Gold treasure recovered from 1857 shipwreck to make debut

Gold treasure recovered from 1857 shipwreck to make debut

SANTA ANA, Calif. - AP

 

More than $50 million worth of gold bars, coins and dust that’s been described as the greatest lost treasure in U.S. history is about to make its public debut in California after sitting at the bottom of the ocean for more than 150 years.

The 3,100 gold coins, 45 gold bars and more than 36 kilograms of gold dust recovered from the wreckage of the S.S. Central America steamship are now sitting in a makeshift laboratory just south of Los Angeles.

Bob Evans, the chief scientist on the original voyage that discovered the shipwreck and its treasure in 1988, is now painstakingly cleaning each piece of gold by hand, soaking it in a solution and brushing off rust and grime that accumulated as the treasure sat 2,134 meters below sea level.

“This is a whole new season of discovery,” Evans told The Associated Press this week from the laboratory in Santa Ana. “We are now peering beneath the grime and the rust that is on the coins, removing those objects and those substances and getting to look at the treasure as it was in 1857.”

The Central America was laden with booty from the California Gold Rush when it sank in a hurricane off the coast of South Carolina in 1857. Four hundred and twenty-five people drowned and thousands of pounds of California gold were lost, contributing to an economic panic.

Using sable paintbrushes and a cleaning solution, Evans has been restoring the gold -some of which is completely caked over in black gunk - to its original luster for the past two weeks. He will continue that work through February, when the treasure will go on public display at the Long Beach Convention Center, just south of Los Angeles.

The gold is all for sale. Just one tiny coin alone could go for $1 million because of its combination of rarity and the history behind it, said Dwight Manley, managing partner of the California Gold Marketing Group, which is displaying and selling the gold.

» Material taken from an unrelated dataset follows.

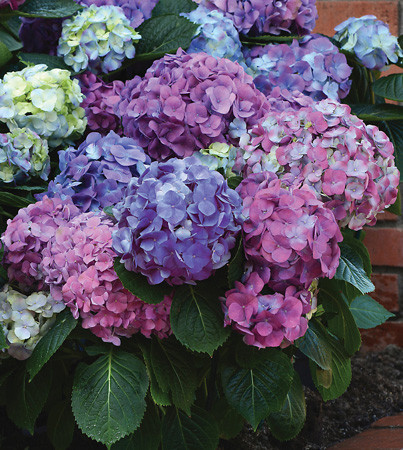 Гортензия Л.а. Дримин 1шт от белого до синего(КолЛайн)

“This is something that in hundreds of years people will still be talking about, reading about, looking back on and collecting things from. There’s no other ships that sank that haven’t been recovered that rival this or are similar to this, so it’s really a once-in-a-lifetime situation,” Manley said

Meanwhile the deep-sea treasure hunter responsible for finding the gold in the first place continues to sit in an Ohio jail over his handling of the original treasure recovered from the Central America.
Treasure hunter and Ohio native Tommy Thompson found the ship in 1988 after convincing 161 local investors to fund the voyage for nearly $13 million.

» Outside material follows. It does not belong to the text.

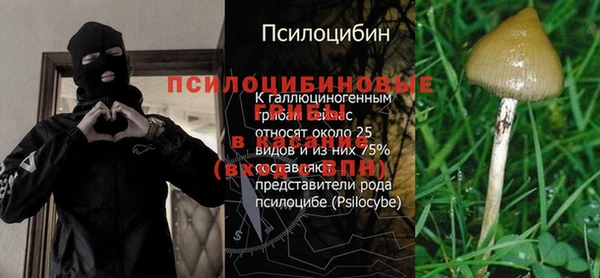 дурь Абинск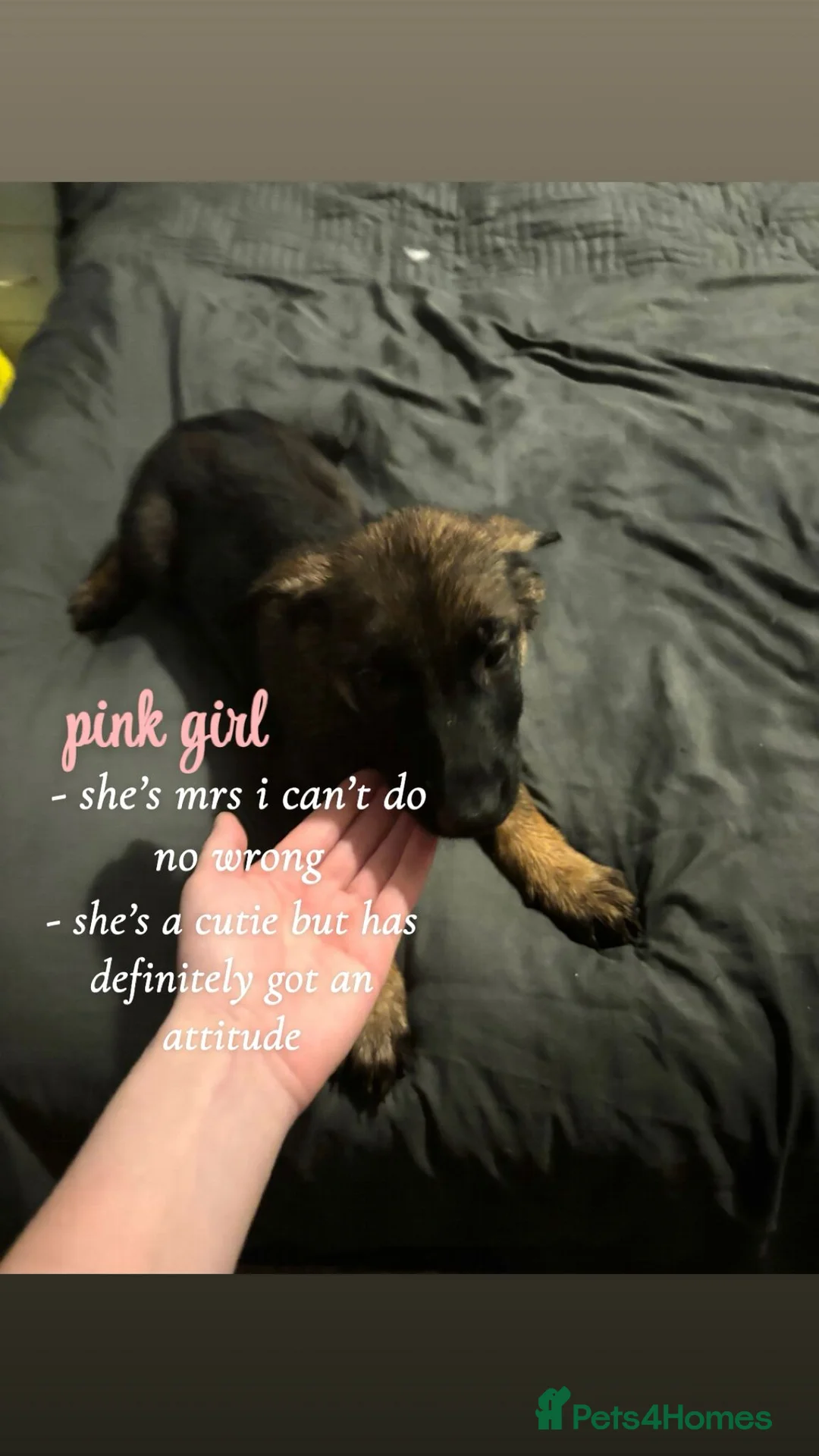 Mixed Breed dogs for sale: Beautiful german shepherd cross belgium malis pups - Advert 4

A lengthy battle ensued over who owned the gold, with Thompson and his investors eventually emerging as the victors over a group of insurance companies. Thompson’s company sold 532 gold bars and thousands of coins to the California Gold Marketing Group for about $50 million in 2000.
Investors never saw any of those proceeds. In 2005, they sued Thompson, who then went into seclusion in Florida and later became a fugitive after an Ohio judge issued a warrant for his arrest in 2012.

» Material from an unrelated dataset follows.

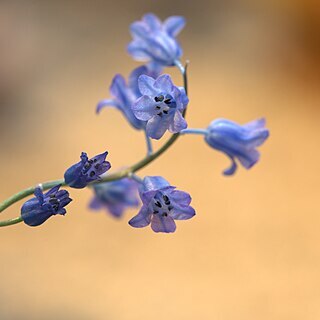 Hyacinthella venusta unspecified picture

Authorities tracked Thompson to a Florida hotel room in 2015. A judge has held Thompson in contempt since December 2015 for violating terms of a plea deal by refusing to answer questions about the location of 500 missing gold coins. He’s been jailed ever since.

Thompson has previously said the coins were turned over to a trust in Belize. He has also said that the $50 million from the sale of the gold mostly went toward legal fees and bank loans.
Recovered in 2014, the gold going on display in California next month is only the second round of treasure brought up from the Central America.

Manley, of the California Gold Marketing Group, bought the gold from investors this month. It was the first time investors saw returns since their initial investment in the 1980s, though some of them died waiting to see such a day.

The gold will be on display Feb. 22-24 at the Long Beach Convention Center.